TASK: Please set down exactly the lines of the listing below from the line containing "Waterfront Ferndale Home" through the line containing "Choetech 6932112102300 T543-F", both lines included, leaving out all other lines.

EXERCISE MATERIALS:
[Start of Attachment]
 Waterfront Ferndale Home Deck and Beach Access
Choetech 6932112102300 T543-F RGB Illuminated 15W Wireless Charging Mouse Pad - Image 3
[End of Attachment]
[Start of Attachment]
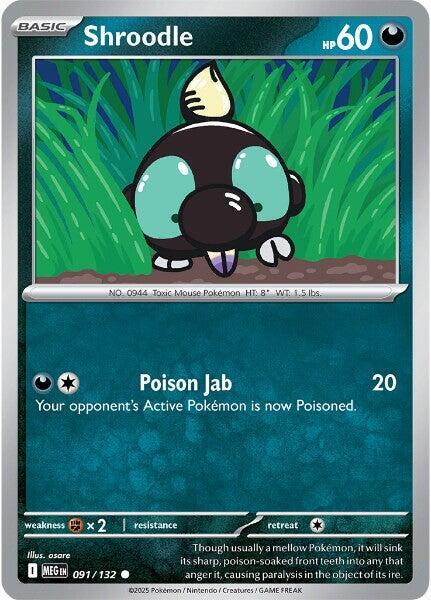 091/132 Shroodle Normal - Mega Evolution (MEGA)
[End of Attachment]
WRITTEN ANSWER:
 Waterfront Ferndale Home Deck and Beach Access
Choetech 6932112102300 T543-F RGB Illuminated 15W Wireless Charging Mouse Pad - Image 3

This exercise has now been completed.